PAMM Monitoring
- Investing;
- Investment refund on the first request of the investor;
- Update of PAMM account statistics;
- Calculation and timely recalculation of all shares and profits taken by investors and the managing trader.
Example:
A trader has USD 10,000 in his account. Three investors decided to invest USD 1,000, USD 2,000, and USD 7,000 respectively.
- 1) The first investor transferred USD 1,000 and got a share equaling 1,000 / (total deposit) = 1,000 / (10,000 + 1,000 + 2,000 + 7,000) = 1,000 / 20,000 = 5%.
- 2) The second investor transferred USD 2,000 and got a share equaling 2,000 / (total deposit) = 2,000 / (10,000 + 1,000 + 2,000 + 7,000) = 2,000 / 20,000 = 10%.
- 3) The third investor transferred USD 7,000 and got a share equaling 7,000 / (total deposit) = 7,000 / (10,000 + 1,000 + 2,000 + 7,000) = 7,000 / 20,000 = 35%.
- 4) The share of the trader is equal to 10,000 / 20,000 = 50%
Consequently, funding the trading account with USD 10,000 and receiving investments, the managing trader gets the same share in his account as investors. All the shares are directly proportional to investments of all the PAMM account users (managing trader and investors) in the total balance of the account.
If in future a new investor joins them and decides to invest USD 5,000 in this account, his or her share will be 5,000 / (20,000 + 5,000) = 20%. The shares of other members will also change because of the newly invested funds, but will not diminish at recalculation.
- 1) A trader registers the account and replenishes it with an amount of N US dollars;
- 2) The trader receives an investment in the amount of X US dollars from the first investor. The trader starts trading;
- 3) Then new investors come into the deal, and each of them invests different amounts (from 1 to hundreds of thousands US dollars). Each investor gets the exact share that is due to him or her at the moment of investing;
- 4) Some investors decide to withdraw their investments fixing their profits;
- 5) Other investors continue keeping their shares in the trading account;
- 6) The trader withdraws some part of his or her funds.
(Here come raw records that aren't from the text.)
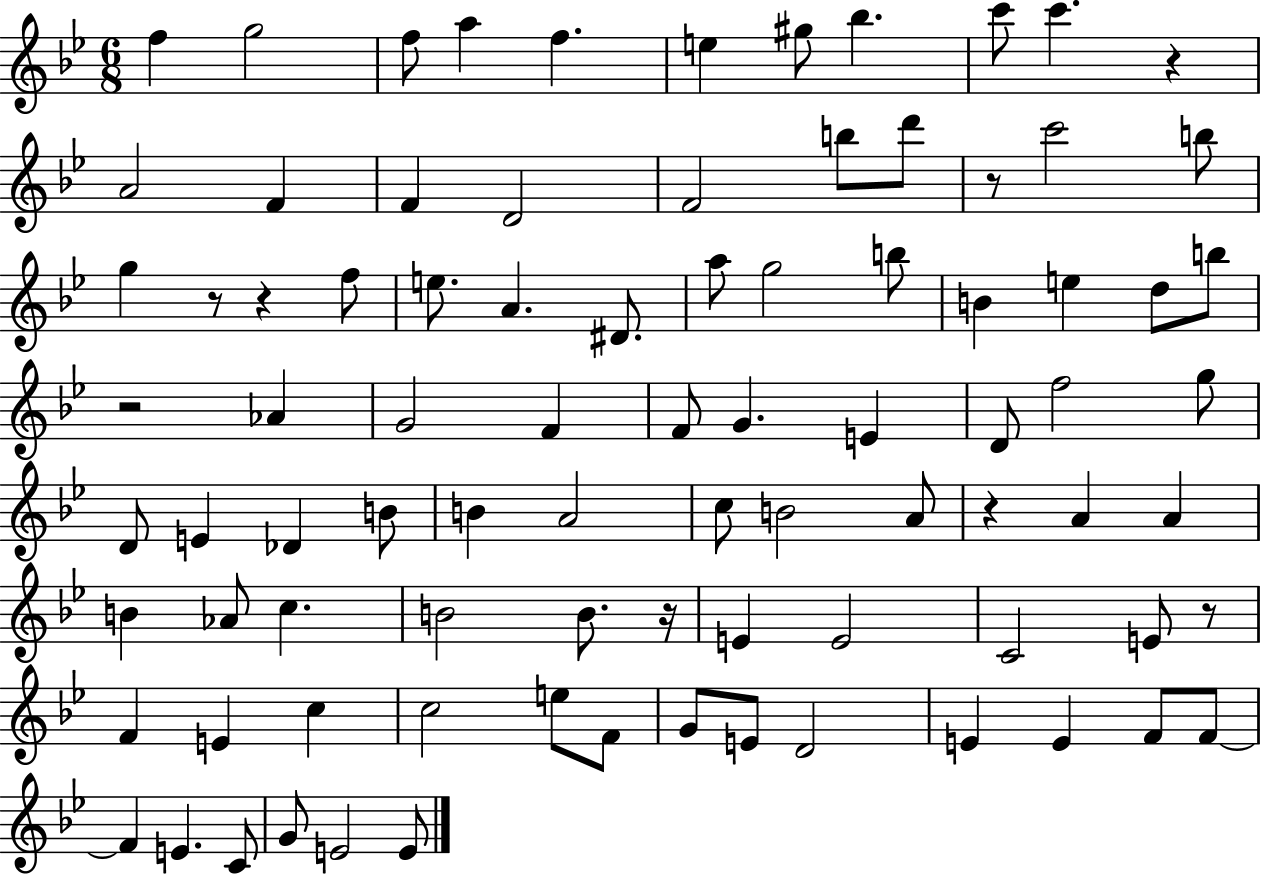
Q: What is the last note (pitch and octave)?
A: E4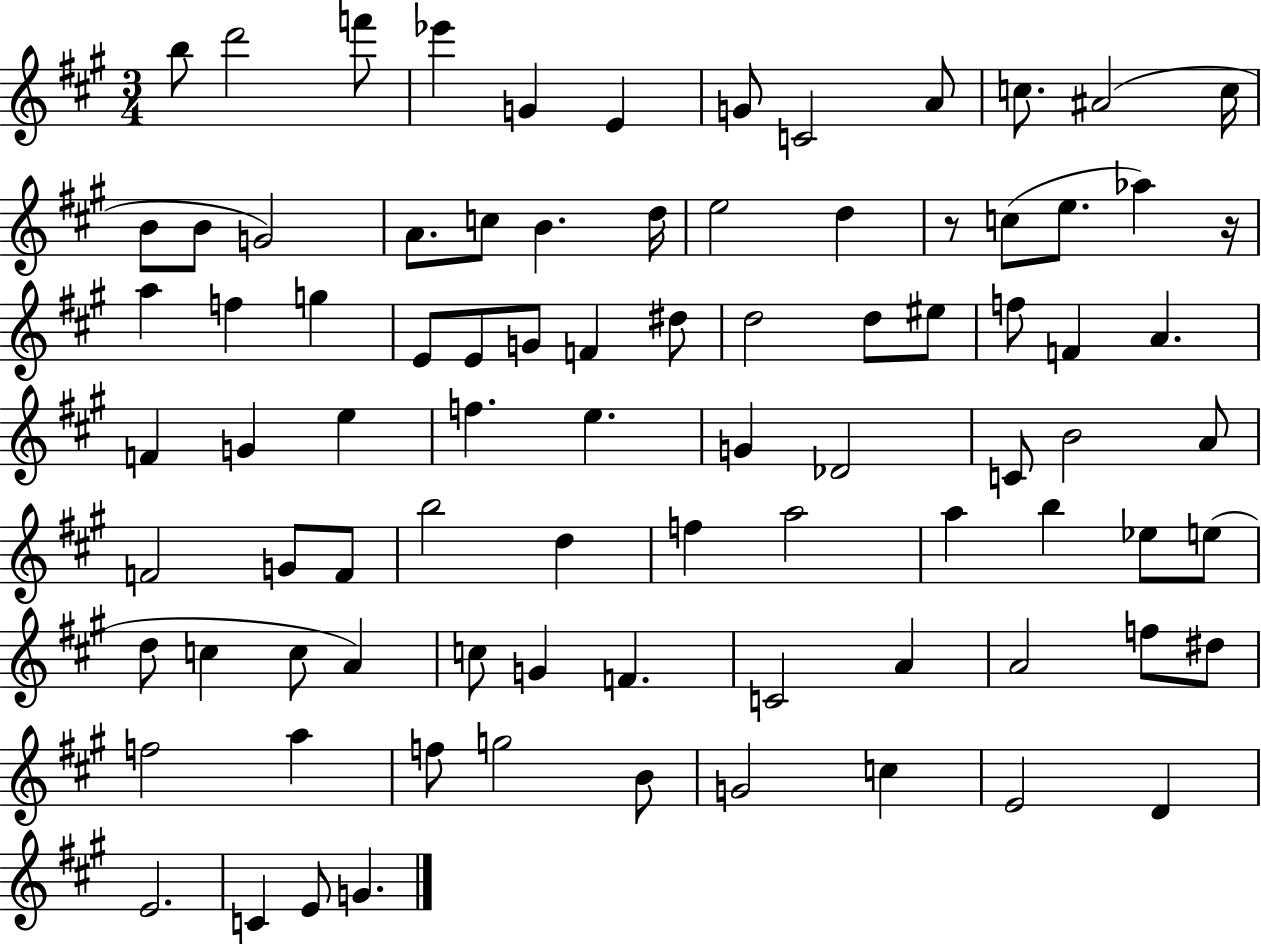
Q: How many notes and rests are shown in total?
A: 86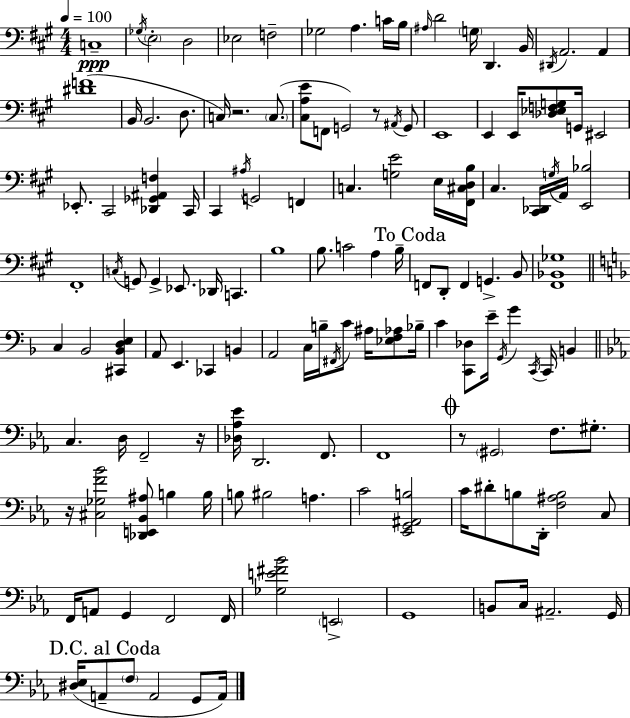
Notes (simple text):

C3/w Gb3/s E3/h D3/h Eb3/h F3/h Gb3/h A3/q. C4/s B3/s A#3/s D4/h G3/s D2/q. B2/s D#2/s A2/h. A2/q [D#4,F4]/w B2/s B2/h. D3/e. C3/s R/h. C3/e. [C#3,A3,E4]/e F2/e G2/h R/e A#2/s G2/e E2/w E2/q E2/s [Db3,Eb3,F3,G3]/e G2/s EIS2/h Eb2/e. C#2/h [Db2,Gb2,A#2,F3]/q C#2/s C#2/q A#3/s G2/h F2/q C3/q. [G3,E4]/h E3/s [F#2,C#3,D3,B3]/s C#3/q. [C#2,Db2]/s G3/s A2/s [E2,Bb3]/h F#2/w C3/s G2/e G2/q Eb2/e. Db2/s C2/q. B3/w B3/e. C4/h A3/q B3/s F2/e D2/e F2/q G2/q. B2/e [F#2,Bb2,Gb3]/w C3/q Bb2/h [C#2,Bb2,D3,E3]/q A2/e E2/q. CES2/q B2/q A2/h C3/s B3/s F#2/s C4/e A#3/s [Eb3,F3,Ab3]/e Bb3/s C4/q [C2,Db3]/e E4/s G2/s G4/q C2/s C2/s B2/q C3/q. D3/s F2/h R/s [Db3,Ab3,Eb4]/s D2/h. F2/e. F2/w R/e G#2/h F3/e. G#3/e. R/s [C#3,Gb3,F4,Bb4]/h [Db2,E2,Bb2,A#3]/e B3/q B3/s B3/e BIS3/h A3/q. C4/h [Eb2,G2,A#2,B3]/h C4/s D#4/e B3/e D2/s [F3,A#3,B3]/h C3/e F2/s A2/e G2/q F2/h F2/s [Gb3,E4,F#4,Bb4]/h E2/h G2/w B2/e C3/s A#2/h. G2/s [D#3,Eb3]/s A2/e F3/e A2/h G2/e A2/s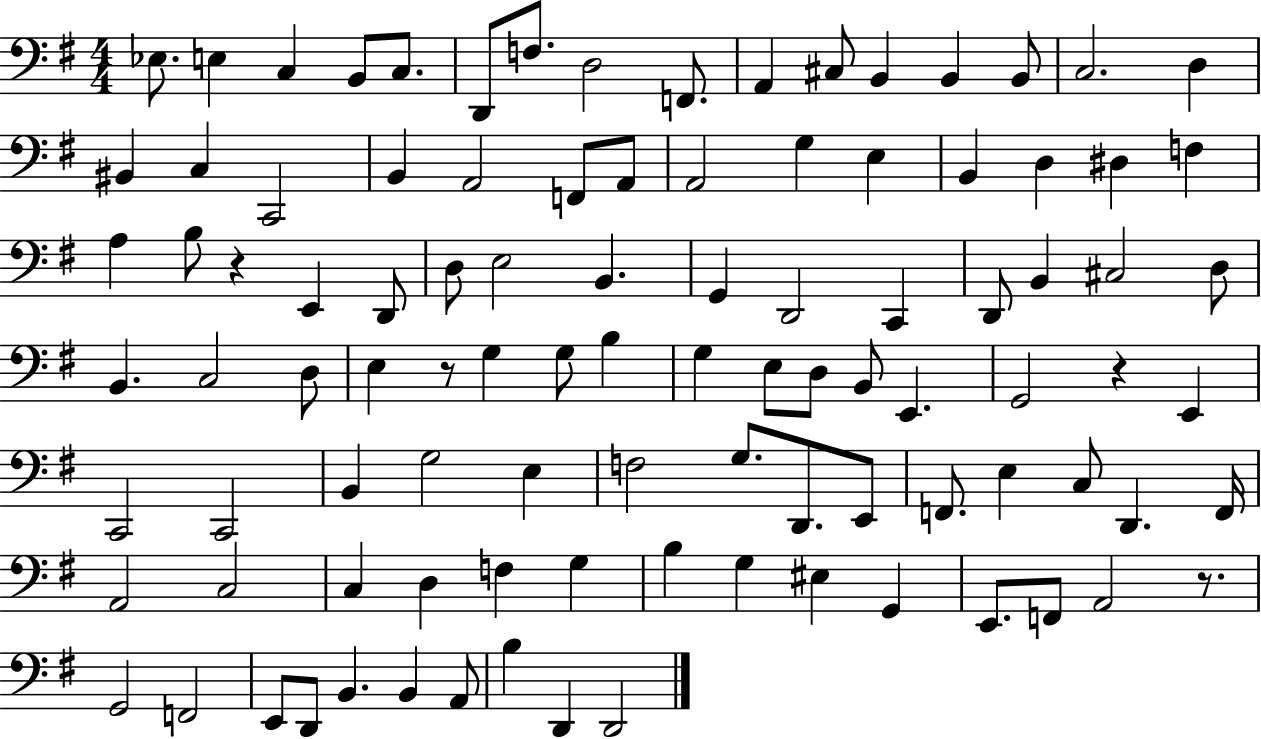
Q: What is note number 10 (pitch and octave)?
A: A2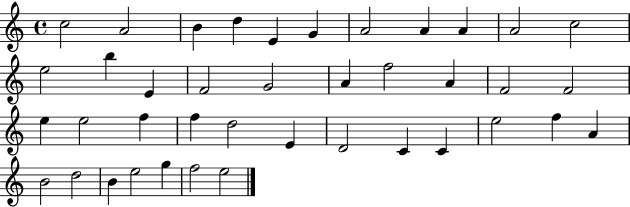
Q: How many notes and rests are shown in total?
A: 40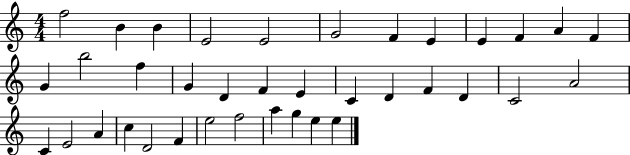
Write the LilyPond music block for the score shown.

{
  \clef treble
  \numericTimeSignature
  \time 4/4
  \key c \major
  f''2 b'4 b'4 | e'2 e'2 | g'2 f'4 e'4 | e'4 f'4 a'4 f'4 | \break g'4 b''2 f''4 | g'4 d'4 f'4 e'4 | c'4 d'4 f'4 d'4 | c'2 a'2 | \break c'4 e'2 a'4 | c''4 d'2 f'4 | e''2 f''2 | a''4 g''4 e''4 e''4 | \break \bar "|."
}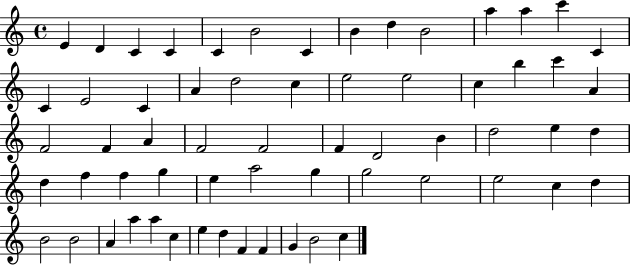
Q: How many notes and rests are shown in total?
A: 62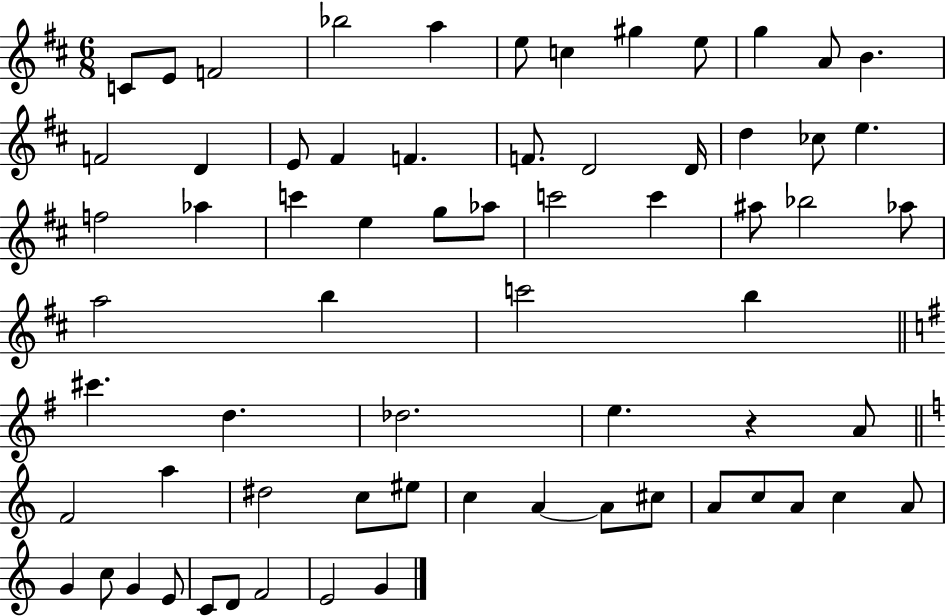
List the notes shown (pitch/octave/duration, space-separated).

C4/e E4/e F4/h Bb5/h A5/q E5/e C5/q G#5/q E5/e G5/q A4/e B4/q. F4/h D4/q E4/e F#4/q F4/q. F4/e. D4/h D4/s D5/q CES5/e E5/q. F5/h Ab5/q C6/q E5/q G5/e Ab5/e C6/h C6/q A#5/e Bb5/h Ab5/e A5/h B5/q C6/h B5/q C#6/q. D5/q. Db5/h. E5/q. R/q A4/e F4/h A5/q D#5/h C5/e EIS5/e C5/q A4/q A4/e C#5/e A4/e C5/e A4/e C5/q A4/e G4/q C5/e G4/q E4/e C4/e D4/e F4/h E4/h G4/q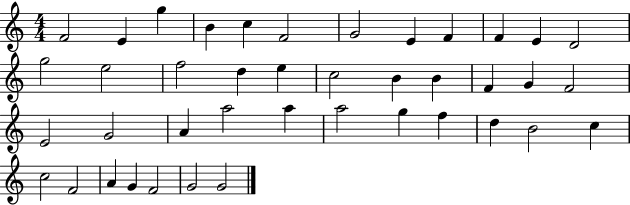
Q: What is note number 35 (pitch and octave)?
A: C5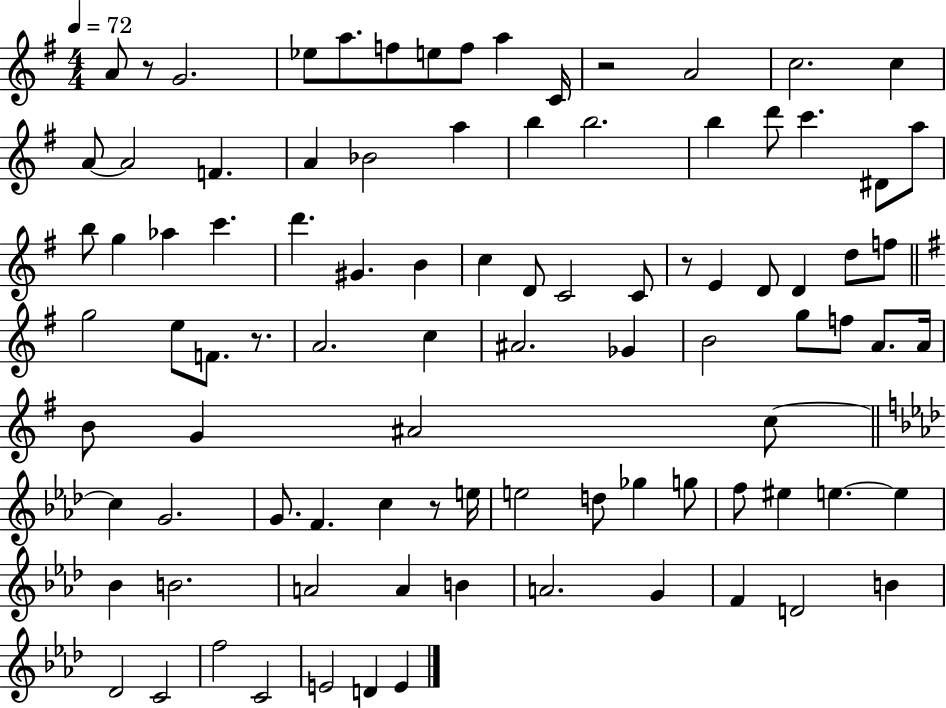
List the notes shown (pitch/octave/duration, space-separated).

A4/e R/e G4/h. Eb5/e A5/e. F5/e E5/e F5/e A5/q C4/s R/h A4/h C5/h. C5/q A4/e A4/h F4/q. A4/q Bb4/h A5/q B5/q B5/h. B5/q D6/e C6/q. D#4/e A5/e B5/e G5/q Ab5/q C6/q. D6/q. G#4/q. B4/q C5/q D4/e C4/h C4/e R/e E4/q D4/e D4/q D5/e F5/e G5/h E5/e F4/e. R/e. A4/h. C5/q A#4/h. Gb4/q B4/h G5/e F5/e A4/e. A4/s B4/e G4/q A#4/h C5/e C5/q G4/h. G4/e. F4/q. C5/q R/e E5/s E5/h D5/e Gb5/q G5/e F5/e EIS5/q E5/q. E5/q Bb4/q B4/h. A4/h A4/q B4/q A4/h. G4/q F4/q D4/h B4/q Db4/h C4/h F5/h C4/h E4/h D4/q E4/q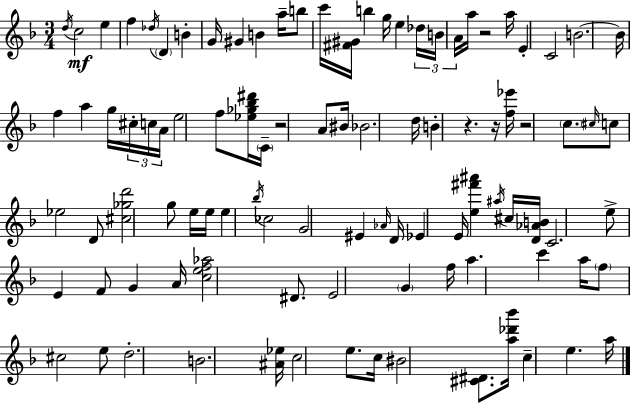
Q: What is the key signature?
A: F major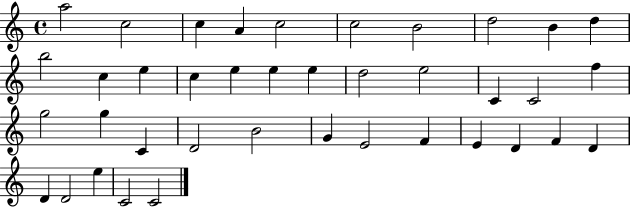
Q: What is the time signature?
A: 4/4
All operations mentioned above are processed automatically by the company. At any time the investor may request withdrawal of the investment from the PAMM account together with the profit. A part of the profit is paid to the trader as a commission after the investment withdrawal is processed. The commission is set by the managing trader in the PAMM account settings and is available to all potential investors.